*** INPUT MATERIAL ***
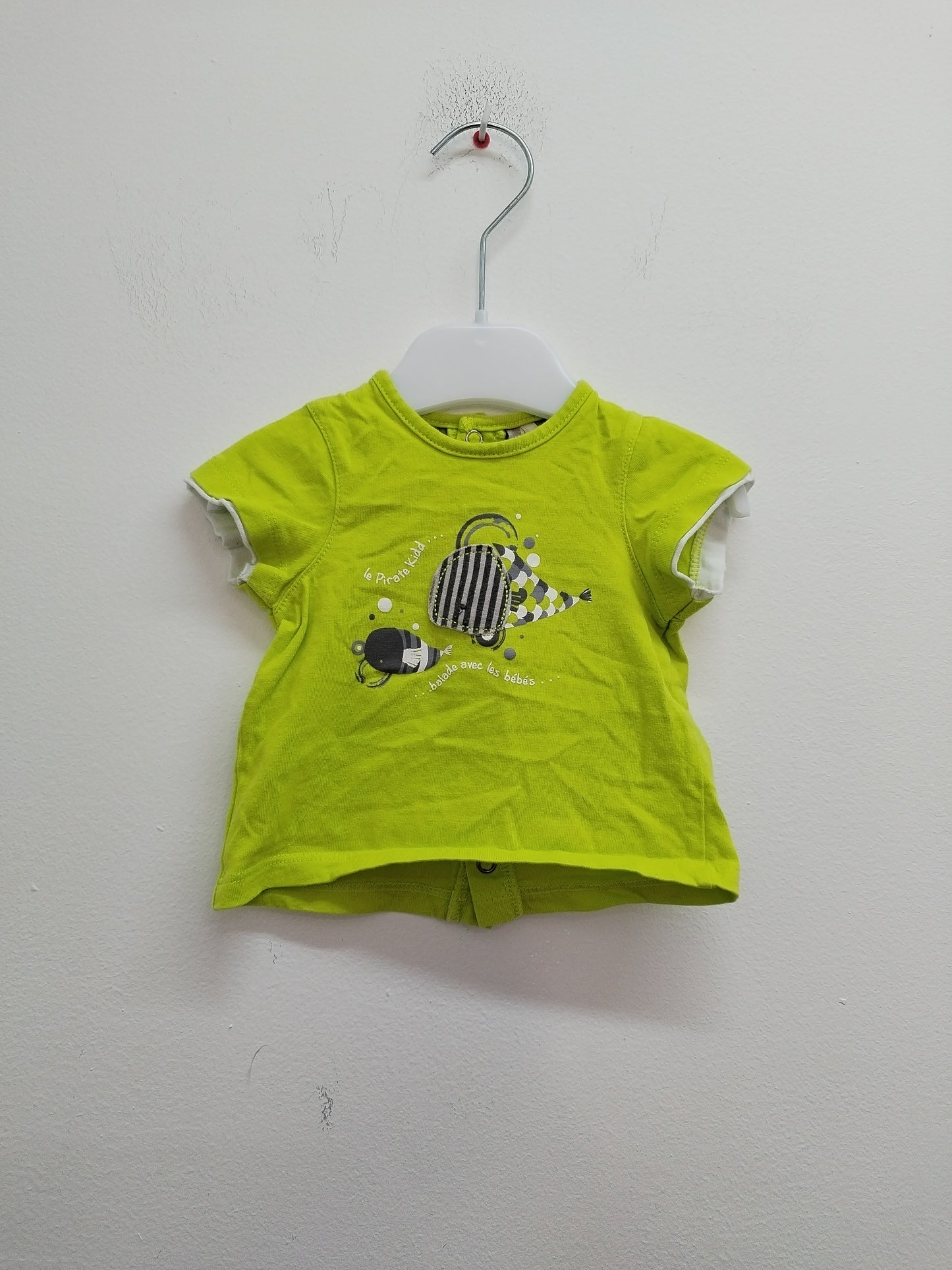 T-shirt Orchestra vert avec impression Taille 1 Mois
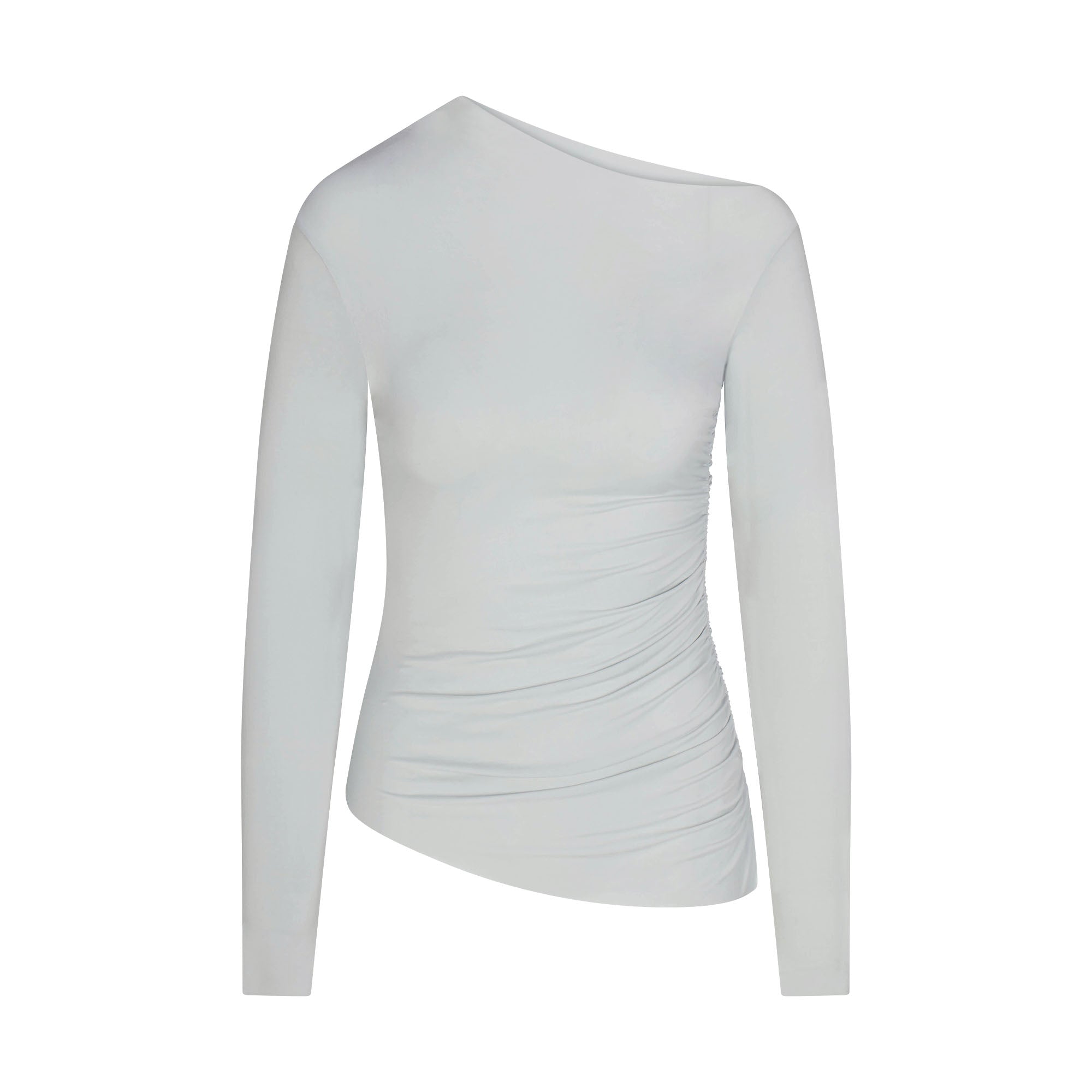 CUPRO JERSEY ASYMMETRICAL TOP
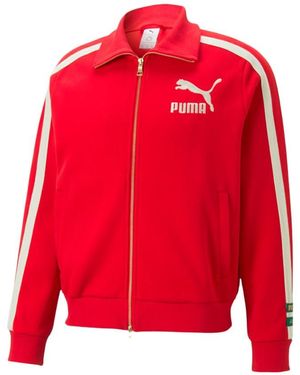 PUMA Rhuigi T7 S Active Tracksuits Size L - Red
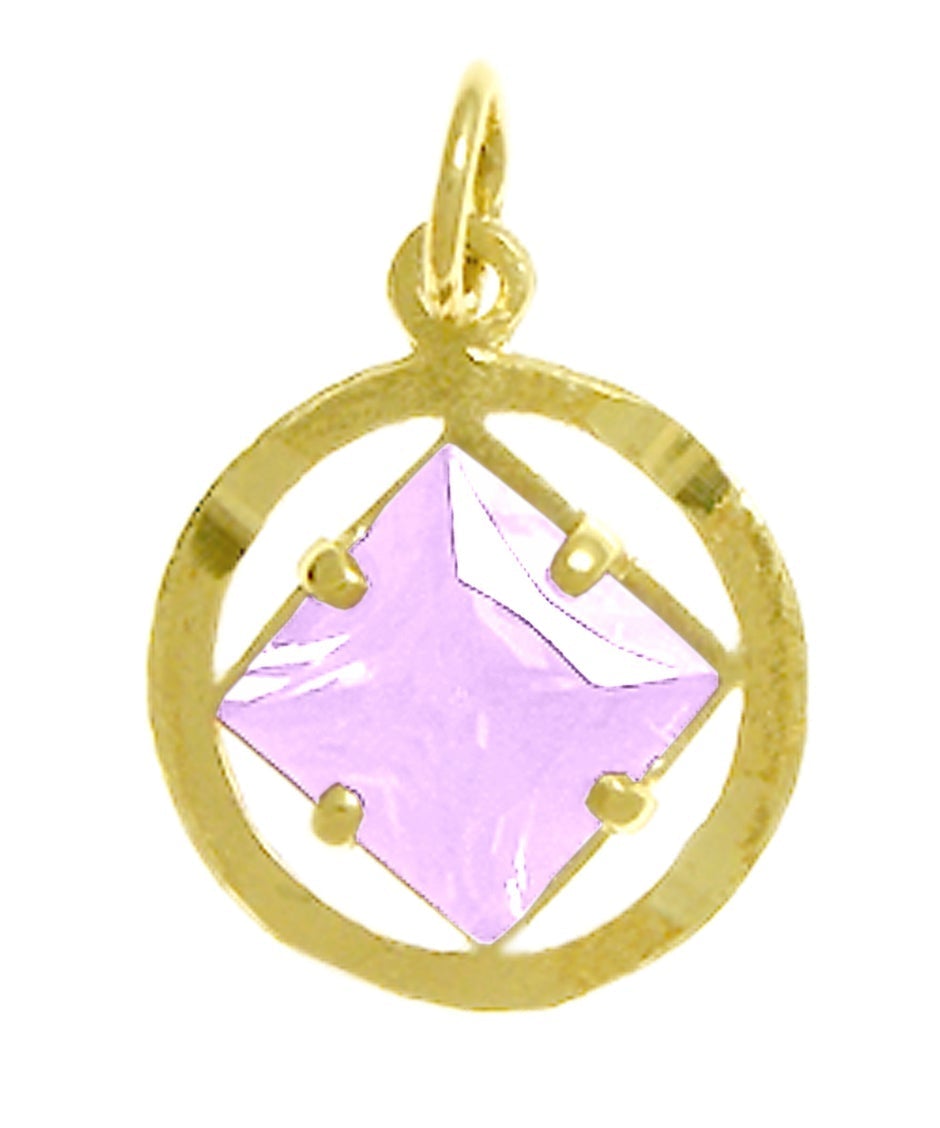 N03. NA Birthstone Pendant - 12 Different Colors, 14 kt Gold. - Premium Jewelry from 12 Step Gold by Jonathan Friedman - Just $149! Shop now at Choices Books & Gifts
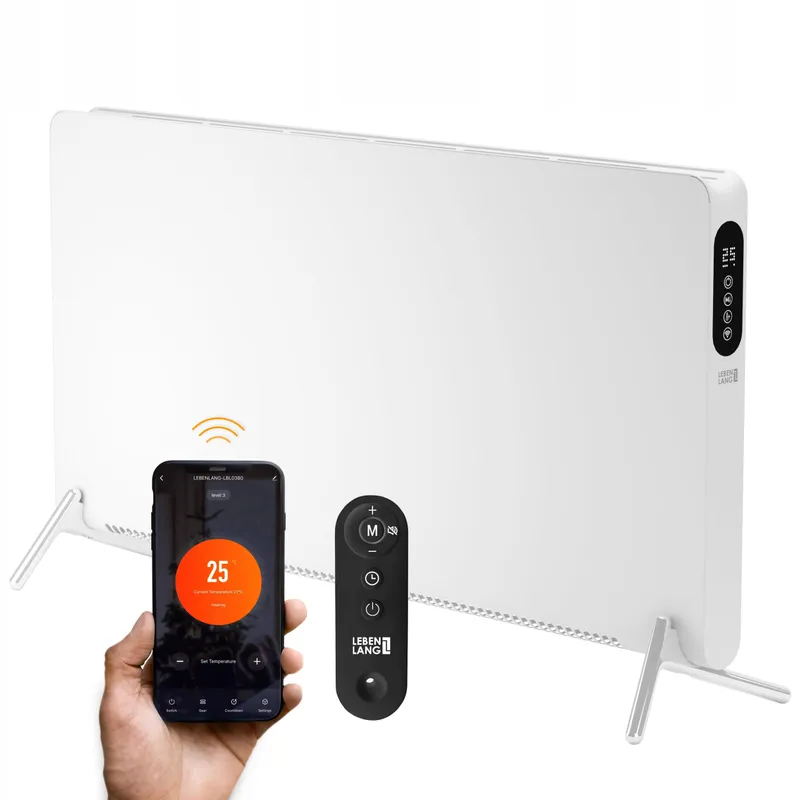 LEBENLANG Energiezuinige Elektrische Verwarming WiFi Afstandsbediening — foto 1
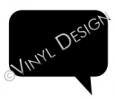 Speech Bubble vinyl decal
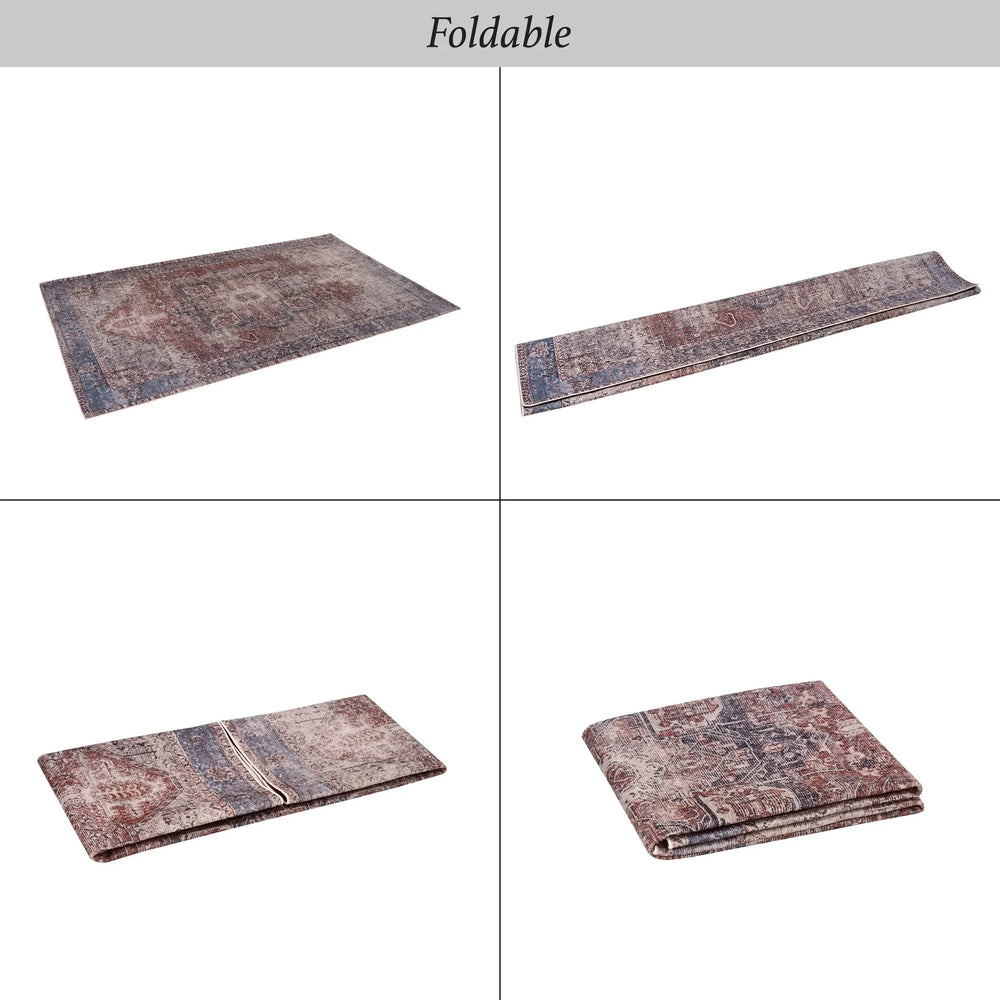 Polyester Chenille Area Rug Washable Six By Nine Feet Modern Media 7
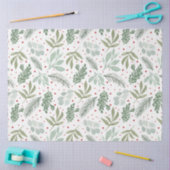 WinterWaterverf Pine Berry Holiday Garland Green Tissuepapier (Craft)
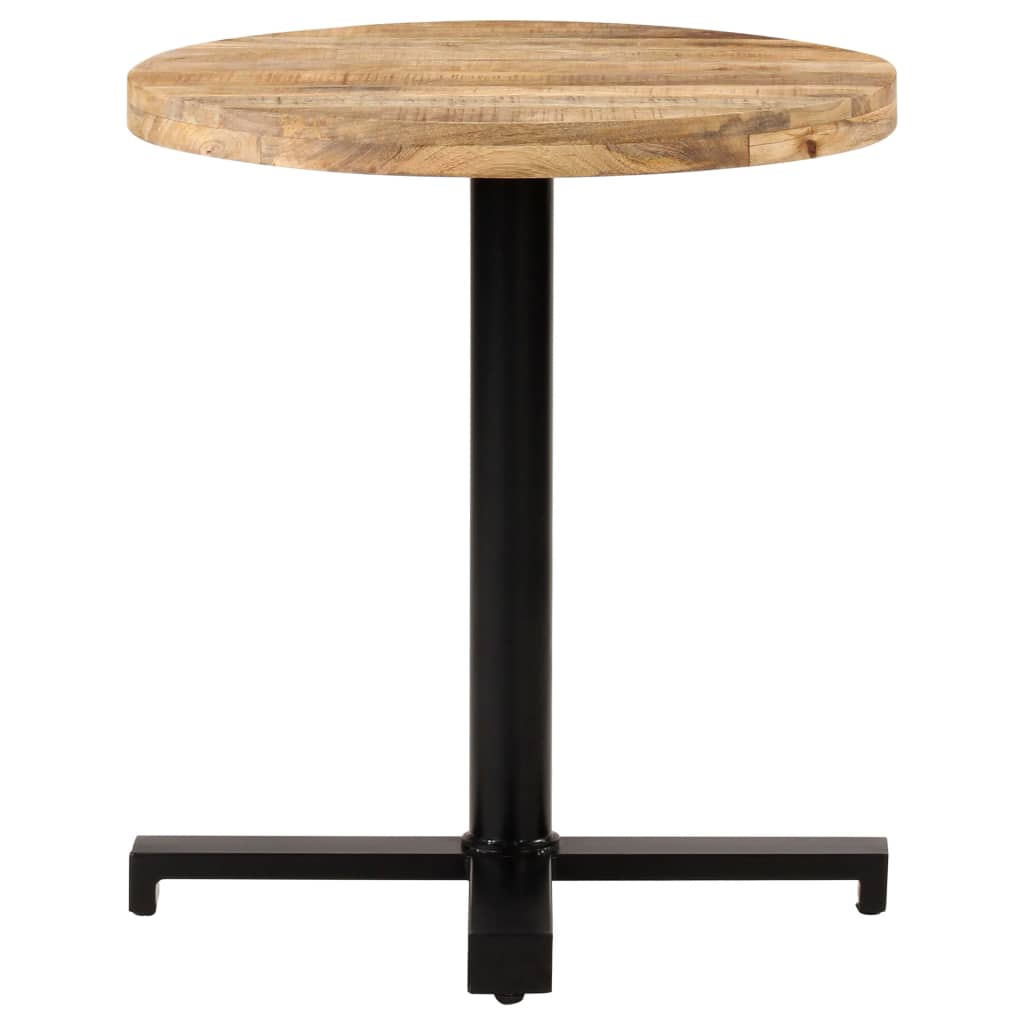 Hagebord Tre Cafébord Bistrobord rundt Ø70x75 cm grovt mangotre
*** End of INPUT MATERIAL ***
Repeat only the lines from the line with "LEBENLANG Energiezuinige Elektrische" to the end of the entries, including both the first and the last line, and drop every picture.

PROBLEM SOLUTION —
 LEBENLANG Energiezuinige Elektrische Verwarming WiFi Afstandsbediening — foto 1
 Speech Bubble vinyl decal
 Polyester Chenille Area Rug Washable Six By Nine Feet Modern Media 7
 WinterWaterverf Pine Berry Holiday Garland Green Tissuepapier (Craft)
 Hagebord Tre Cafébord Bistrobord rundt Ø70x75 cm grovt mangotre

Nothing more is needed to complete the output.